▸ EXERCISE INSTRUCTIONS: A verbatim copy of the listing is what is needed, minus any pictures.

▸ DATASET EXTRACT:
+++

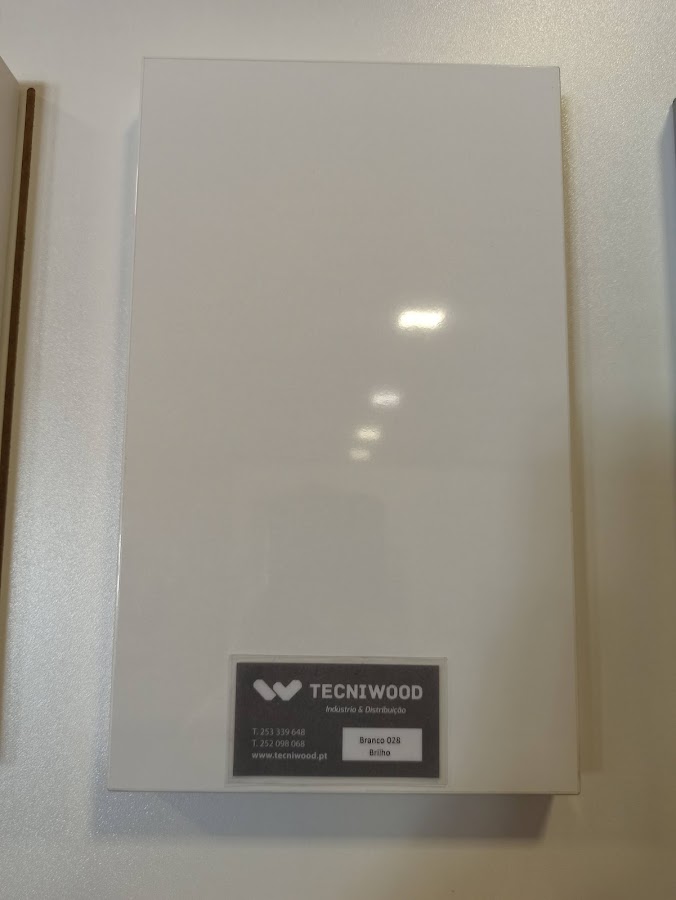 Tecniwood Distribuição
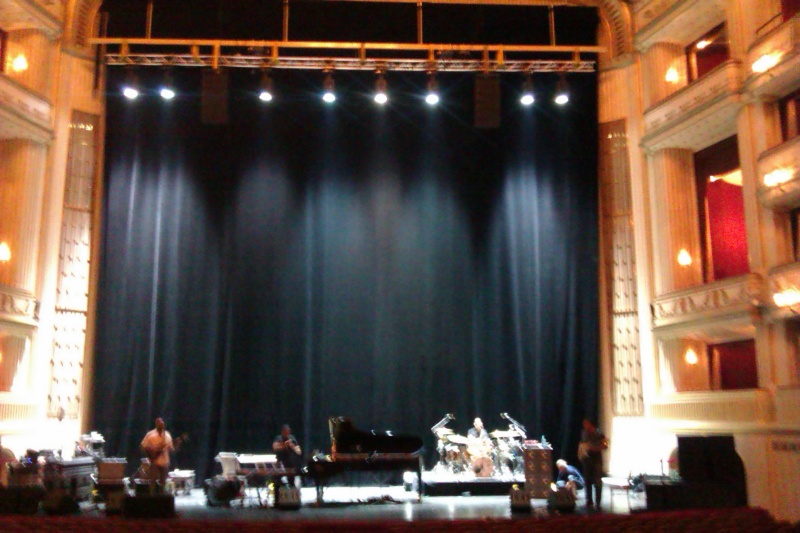 Herbie Hancock sounchecking at the Staatsoper. Herbie Hancock sounchecking at the Staatsoper.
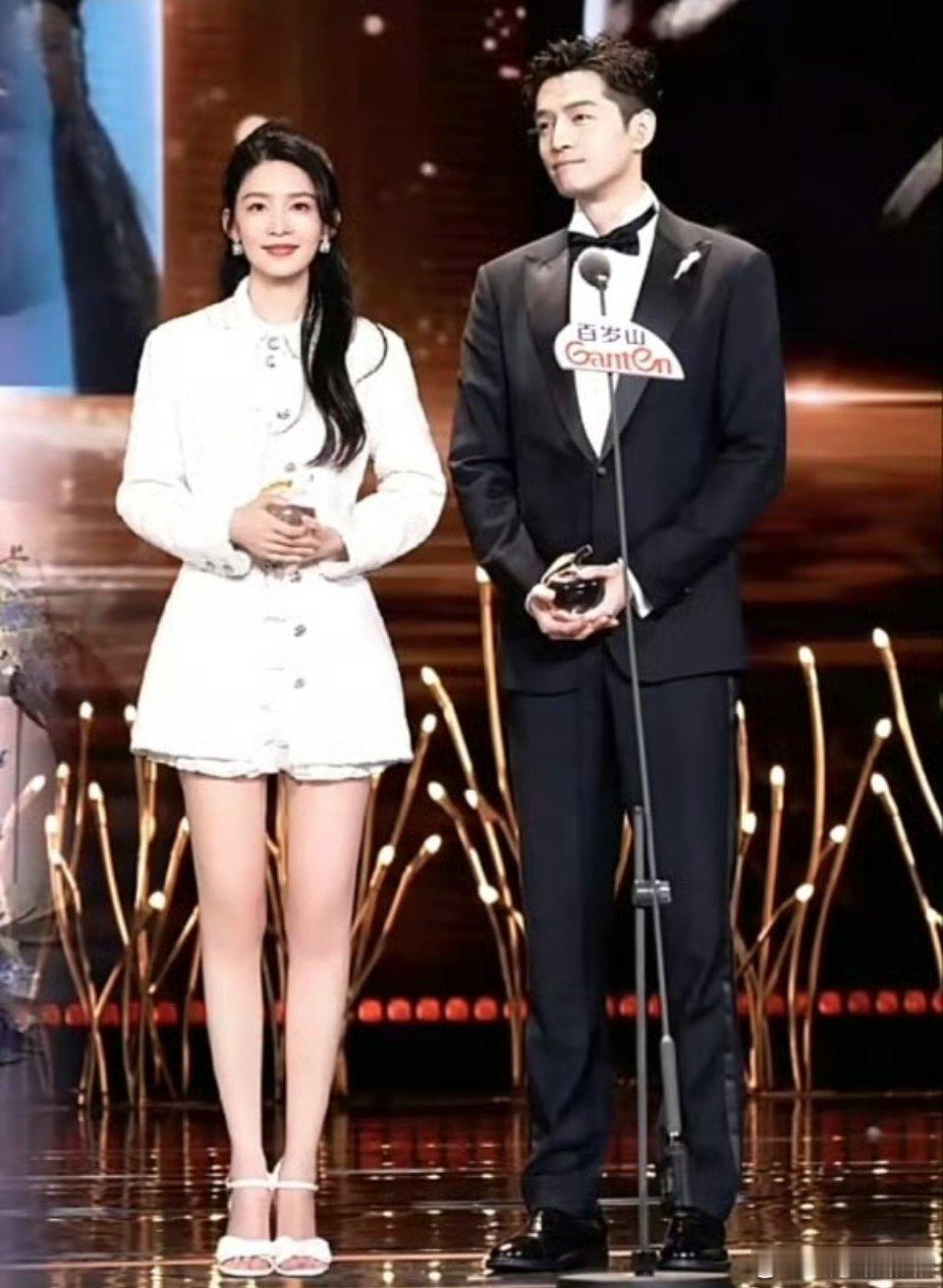 胡歌李沁收山开机俊男美女第一次合作多养眼 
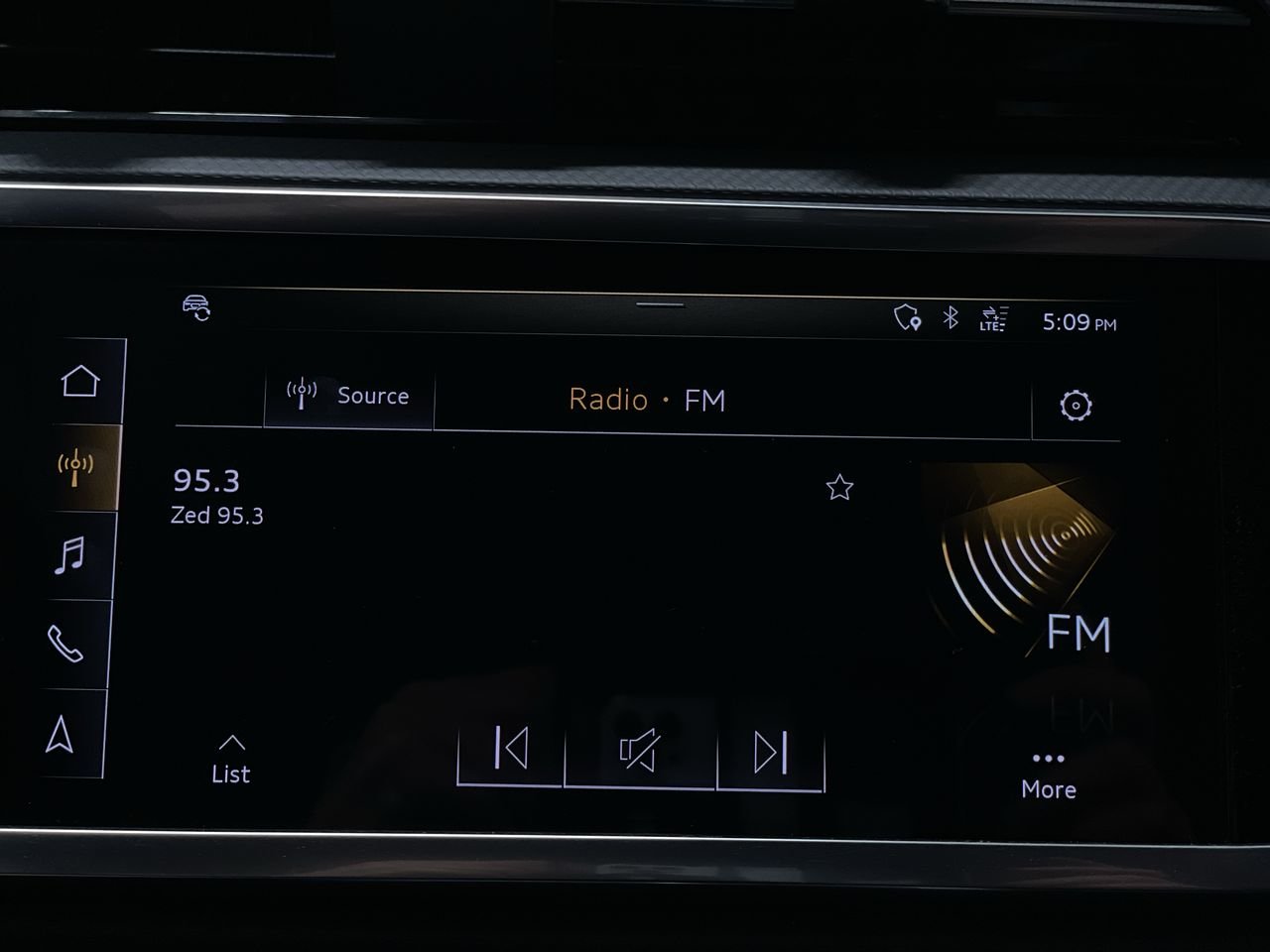 2021 Audi Q3 45 Technik, Vancouver, Cash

+++

▸ ANSWER TO THIS EXERCISE:
 Tecniwood Distribuição
 Herbie Hancock sounchecking at the Staatsoper. Herbie Hancock sounchecking at the Staatsoper.
 胡歌李沁收山开机俊男美女第一次合作多养眼 
 2021 Audi Q3 45 Technik, Vancouver, Cash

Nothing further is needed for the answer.